São alentejanos os madeireiros
serranos de Portalegre e os seareiros das planícies que se estendem para
Sul. São alentejanos os cultivadores de sequeiro, os regadores do vale
do Caia e os que vivem dos campos aluviais dos seus grandes rios. Mas
não são menos alentejanos, quase sempre esquecidos, os pescadores na
longa faixa litoral, que se estende da restinga de Tróia às falésias
atlânticas do Algarve
Fala-se do falar alentejano,
da cozinha alentejana, dos cantares do Alentejo e contam-se divertidas
anedotas, visando os seus habitantes.
Há
uma trintena de anos, transportei comigo, vinda do Alentejo interior,
uma comadre de visita a uma filha residente
em Almada. Viemos por Setúbal e, durante a subida da
serra da Arrábida, esta minha amiga que, pela primeira vez, saía do seu
cantinho, dava mostras de um certo mal-estar. «Não sei o que tenho,
sinto-me apertada. Falta-me a lonjura do nosso Alentejo. Isto aqui é só
cabeços. E que cabeços!», dizia para mim.
E
foi assim até ao alto da capelinha de Nossa Senhora das Necessidades. A
partir daí, na descida para Azeitão, foi-se-lhe diluindo a aflição e,
quando passámos à planura, ouvi-a exclamar: «Aqui, sim, já a gente
respira!».
Em
sua opinião, voltáramos ao Alentejo. E tinha razão!

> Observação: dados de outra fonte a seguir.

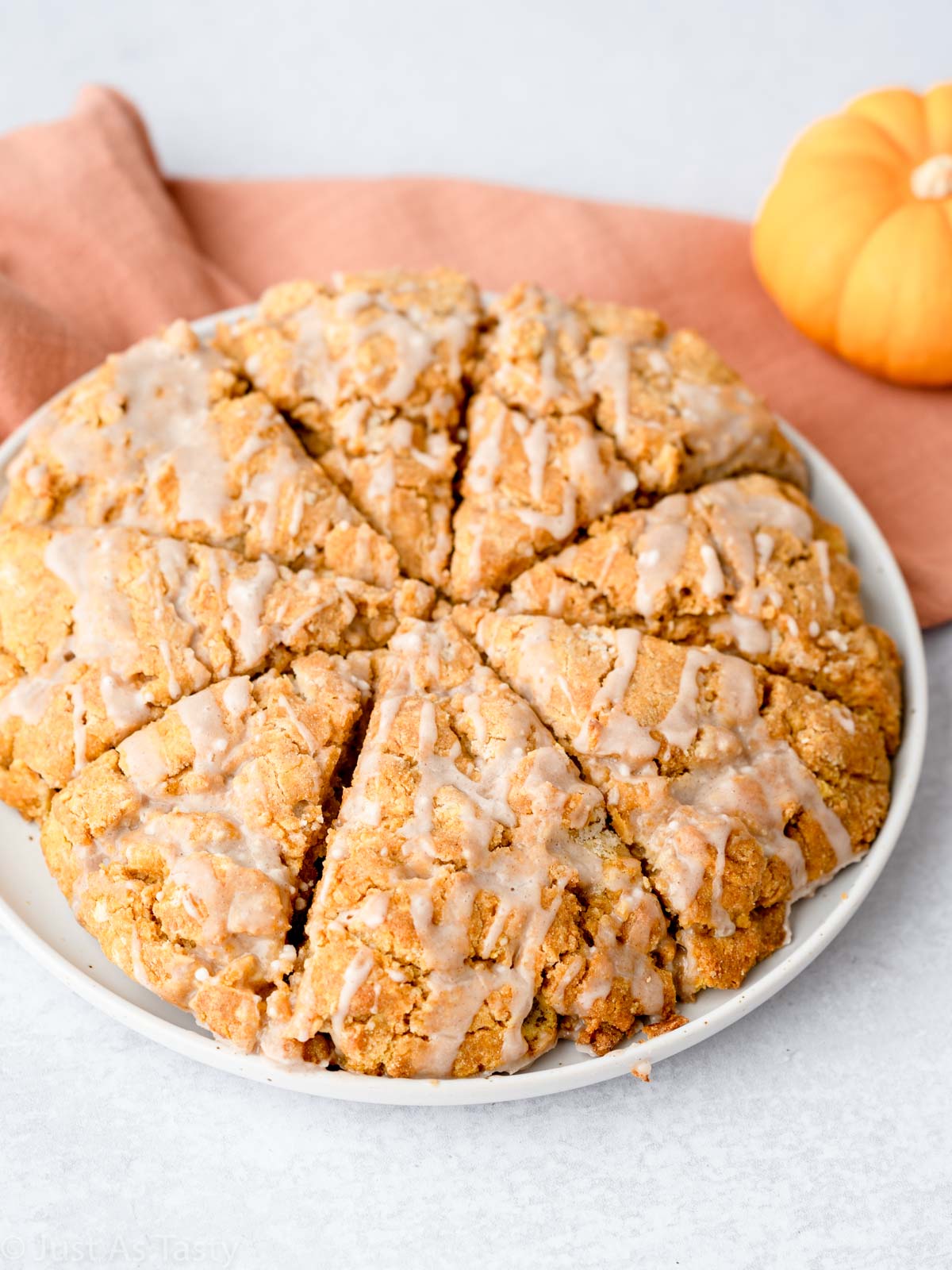 Glazed gluten free pumpkin scones on a plate. 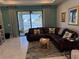 Living room with sectional sofa, water view, and plenty of natural light at 2536 Marton Oak Blvd, North Port, FL 34289
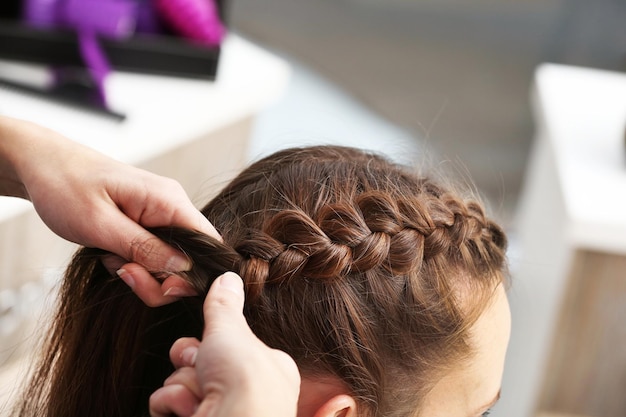 Professional hairdresser braiding clients hair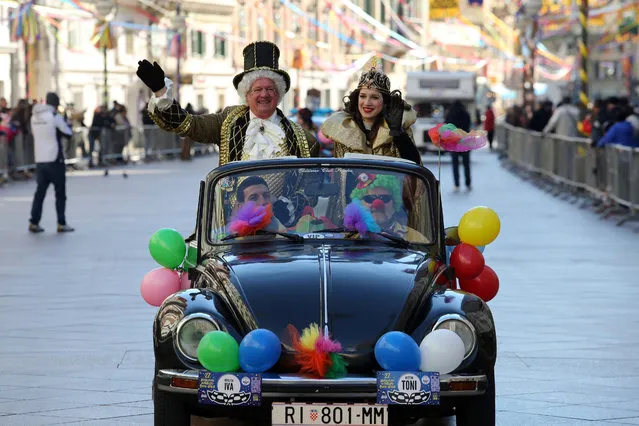 Rally Paris – Bakar with old vintage cars and all participants wear masks as part of the International Rijeka Carnival, in Rijeka, Croatia, on February 4, 2018. (Photo by Goran Kovacic/Xinhua/Barcroft Images)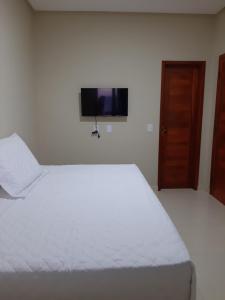 a bedroom with a white bed and a flat screen tv at Pousada Makai - Cajueiro da Praia in Barra Grande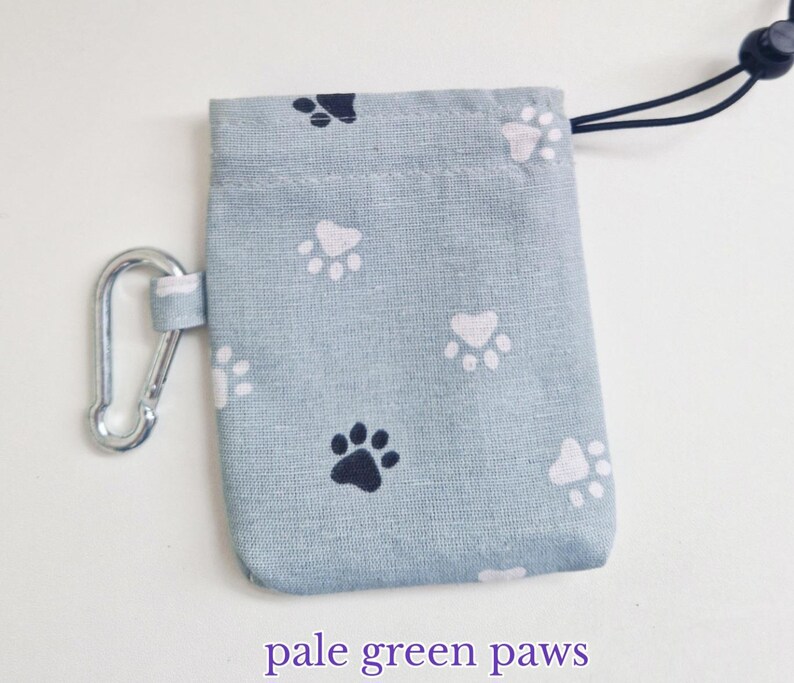 May include: A light green rectangular fabric pouch featuring a repeating pattern of dark navy blue and white paw prints. The pouch includes a silver metal carabiner attached to the side and a black drawstring cord with a plastic toggle at the top.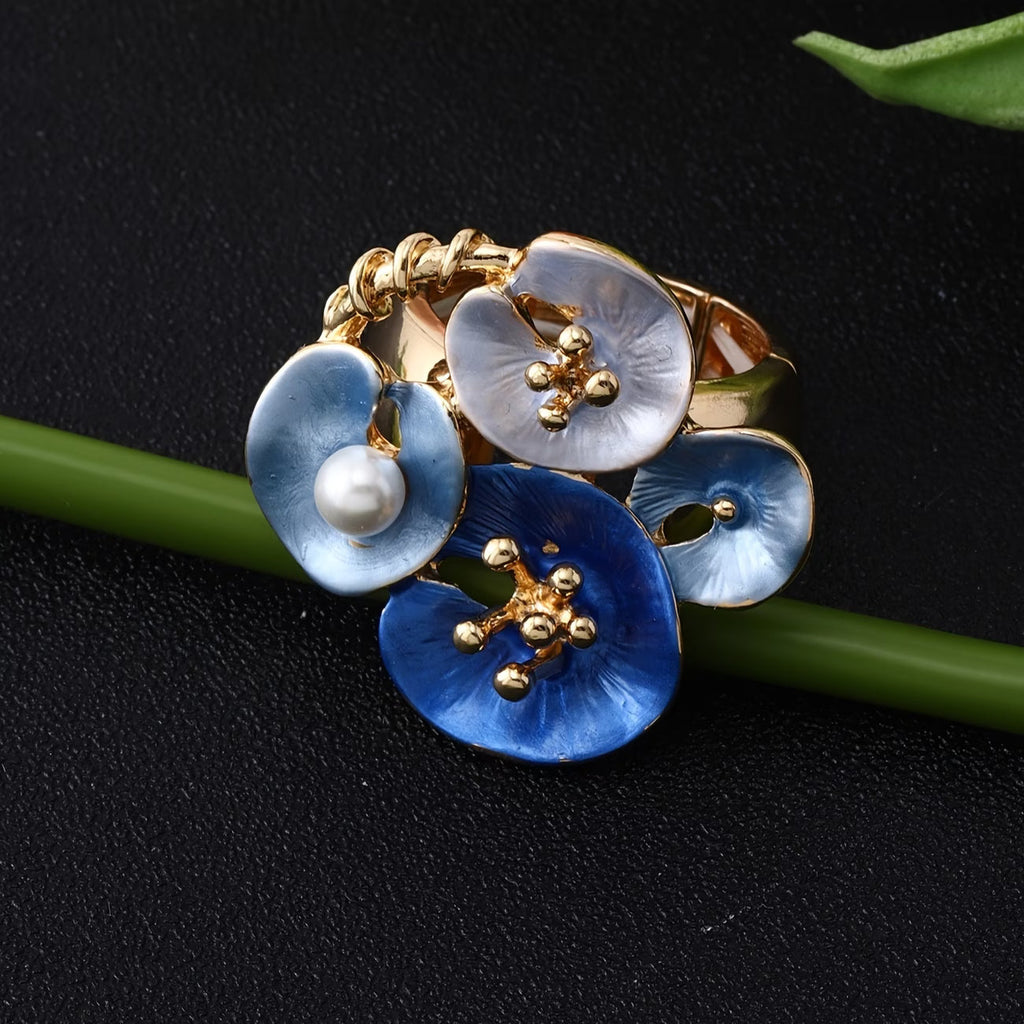 Anello dichiarativo regolabile in perle floreali blu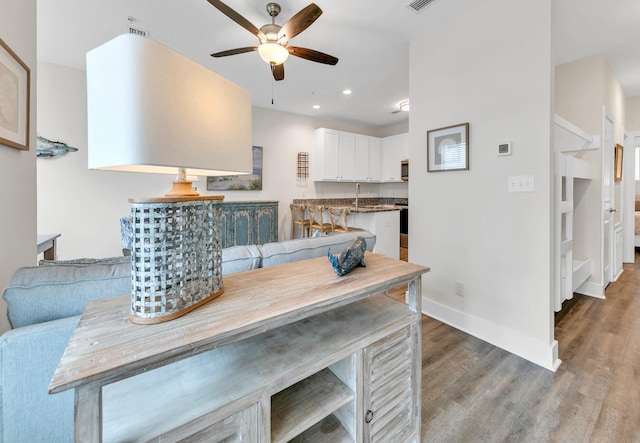 dining space with visible vents, baseboards, wood finished floors, and a ceiling fan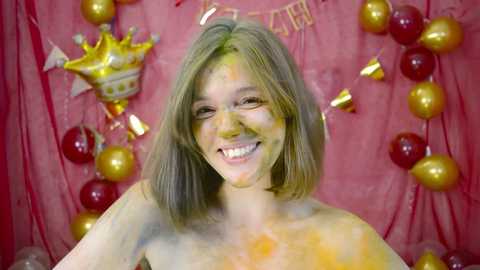 Media: Video of a smiling, topless young woman with shoulder-length blonde hair, covered in bright yellow and orange Holi powder, against a red backdrop adorned with golden balloons, a crown, and banners.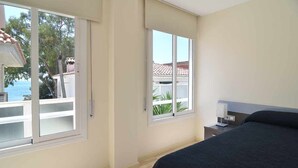 Una camera da letto con un letto, un comodino e una finestra vista mare e alberi.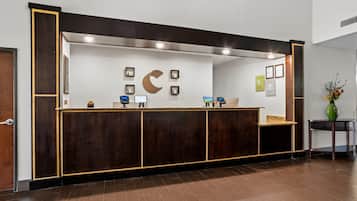 A reception desk with a wooden finish, a large wall-mounted crescent moon decoration, and several framed certificates on the wall.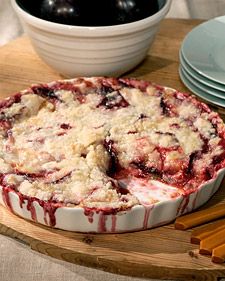 the pie is ready to be eaten on the wooden table with other plates and utensils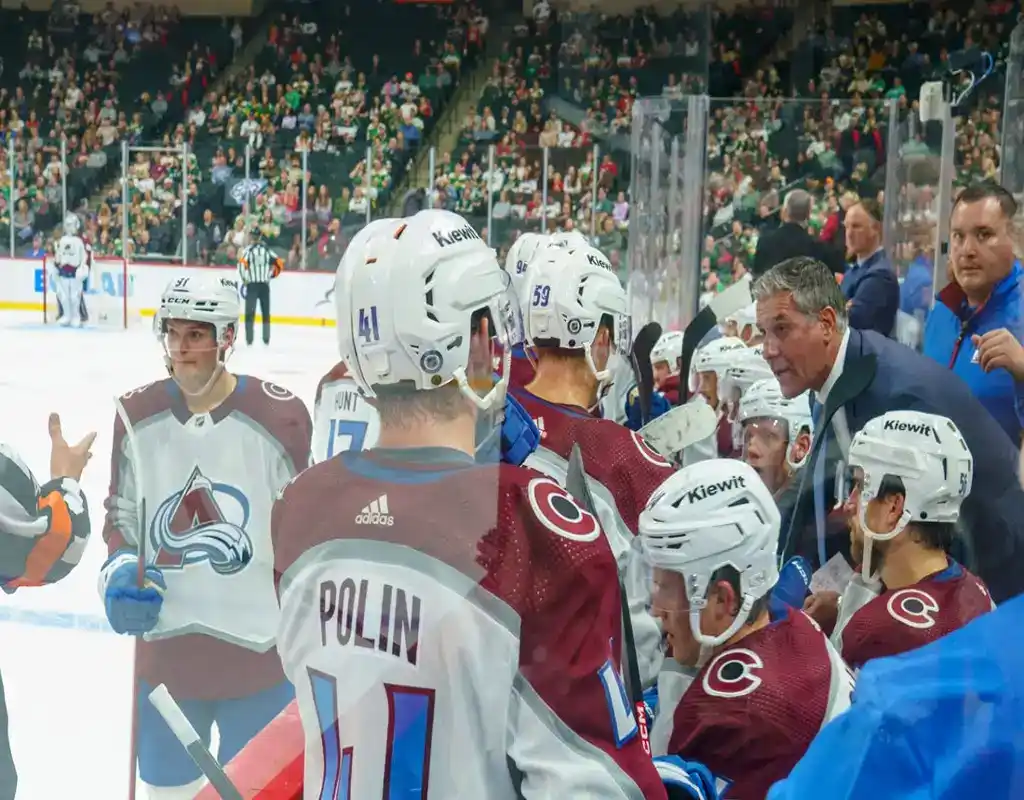 Colorado Avalanche players gather around the coach during a timeout in an NHL game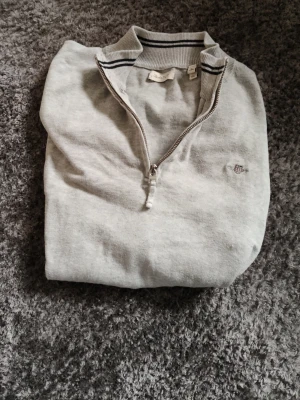 Ljusgrå halvzip GANT - Ljusgrå långärmad tröja med halv dragkedja och diskret broderad logga på bröstet. Tröjan har ribbade muddar vid ärmslut och nederkant samt randig detalj i kragen. Perfekt för en clean och stilren look.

Administrativamente integrada na Estremadura, a península de Setúbal só
a ela se liga pelas Pontes Vasco da Gama e 25 de Abril e pelo grande
fluxo de cidadãos que, de uma e de outra banda do gargalo do Tejo, o
atravessam diariamente, nos dois sentidos, a caminho do trabalho e no
regresso a casa. Como geólogo contactei de muito perto com os terrenos e
também com as gentes desta região, tendo tido oportunidade de constatar
aqui a continuidade, não só territorial, como também cultural do
Alentejo. São as fábricas de cortiça e de transformação de carne de
porco, são os mercados, onde não faltam o pão e o queijo alentejanos, a
massa de pimentão, os poejos, os cardinhos e as beldroegas, são os
restaurantes e as tabernas à moda antiga, as colectividades culturais e
recreativas.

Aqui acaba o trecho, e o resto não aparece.